Quem enxerga a crise política no Brasil como um fenômeno isolado, cuja “culpa” deveria ser atribuída apenas aos equívocos administrativos de Dilma ou às alianças espúrias do PT com partidos oportunistas e reacionários, se engana profundamente. Aproveitando-se de debilidades e traições internas, o golpe de Estado que se iniciou com o impeachment Dilma e se prolonga com a prisão de Lula tem sua origem e motor no estrangeiro, na crise do imperialismo mundial, principalmente norte americano. Dos últimos anos para cá, este passou a forçar um realinhamento não só econômico como político de toda América latina, ainda mais diante da iminência de um conflito que oporia dois blocos na cena mundial.

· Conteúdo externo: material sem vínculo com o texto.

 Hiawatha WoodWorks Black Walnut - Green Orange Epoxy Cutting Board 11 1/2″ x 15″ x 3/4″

Um exame mais amplo da situação de vários lideranças latino-americanas atesta a concretude do intervencionismo norte americano. Pode-se mencionar como exemplo o caso da ex-presidente da Argentina, Cristina Kirchner – que atravessa problemas semelhantes em seu país aos que enfrentam hoje no Brasil Lula e o PT. Ela é acusada de receber propina por meio de aluguel de quartos em hotéis que não estavam sendo usados. A ex-líder do governo argentino atribuiu ao atual presidente, Mauricio Macri, a responsabilidade por dar andamento a esses processos para “esconder o desastre que está acontecendo” no país. “Os preços nos supermercados aumentam, os salários não sobem e não se convocam as paritárias [como são chamadas as negociações entre governo e sindicatos na Argentina]. É claro que o dinheiro não chega para alguns, mas sobra para outros”, disse Cristina em seu encontro com a presidenta deposta Dilma Rousseff.

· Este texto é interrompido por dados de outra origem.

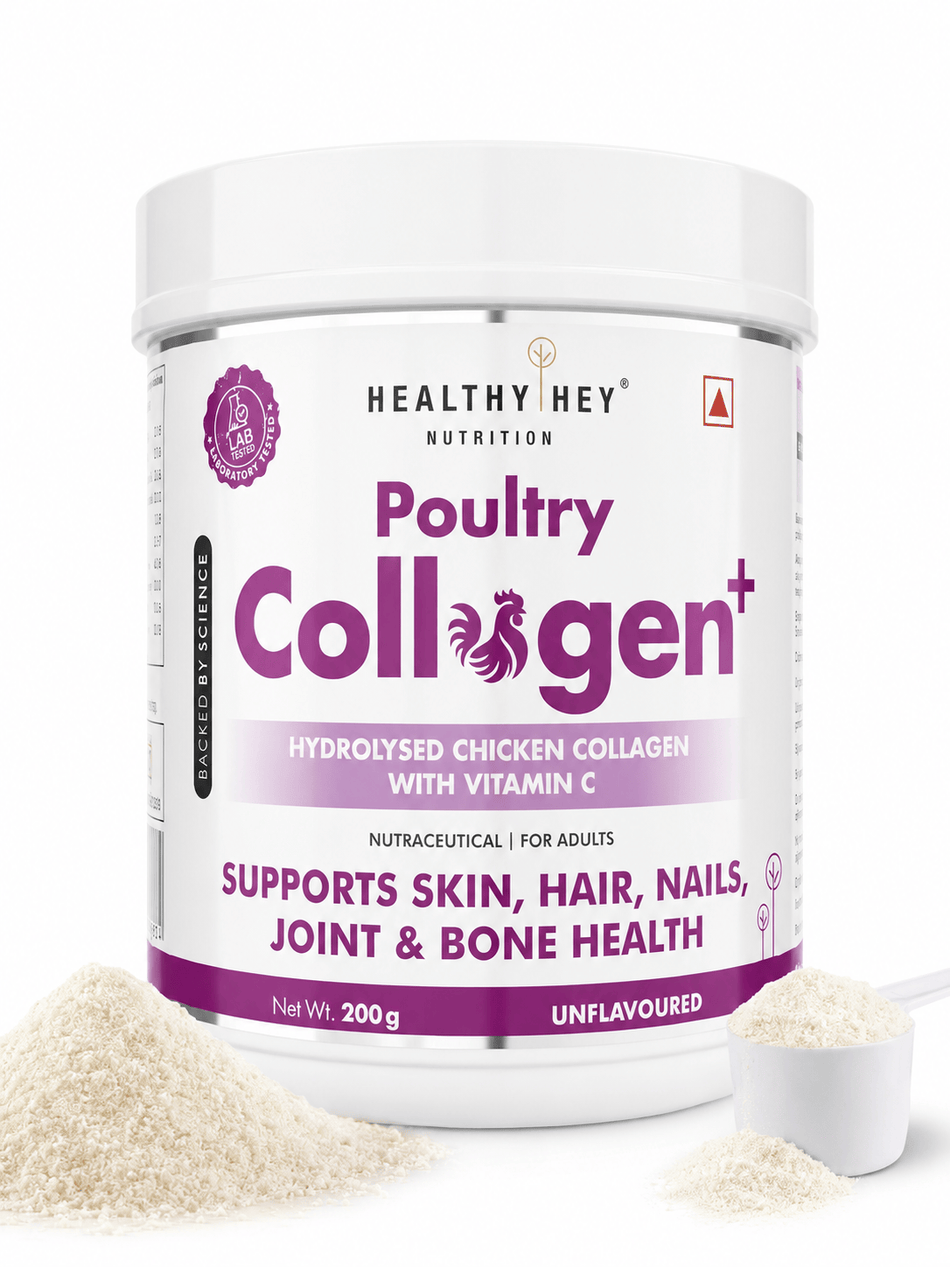 HealthyHey Nutrition Powder Poultry Collagen  Hydrolysed Chicken Collagen with Vitamin C Unflavoured 200g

Em artigo recente publicado no “Libération”, o escritor peruano Alfredo Pita assinala que “com a queda dos governos progressistas no Brasil e na Argentina, e o enfraquecimento do que está no poder no Equador, a imagem de uma América Latina que tomou o seu destino em suas próprias mãos está se dissipando e a fragilidade de modelos alternativos relativos à velha ordem dependente e neocolonial aparece claramente.”
Outro exemplo é a Venezuela, que atravessa um período de grave instabilidade política impulsionada pelo capital estrangeiro, que visa apoderar-se do petróleo da região. Tudo alimentado por uma campanha falaciosa que oporia a “democracia e as liberdades” a uma pretensa “ditadura” imposta por Nicolau Maduro, atual presidente e herdeiro de Hugo Chavez.
Negligenciar o estado de coisas mundial, deslocando a causa de todo mal que assola o Brasil para os supostos “erros do PT”, como costuma fazer boa parte da esquerda, é passar ao largo da real situação do continente latino americano, e impedir-se de lutar contra as causas efetivas de nossa crise institucional. Crise de graves consequências para os setores populares, que convivem hoje com a suspensão do estado de direito no país, com concomitante suspensão das garantias individuais.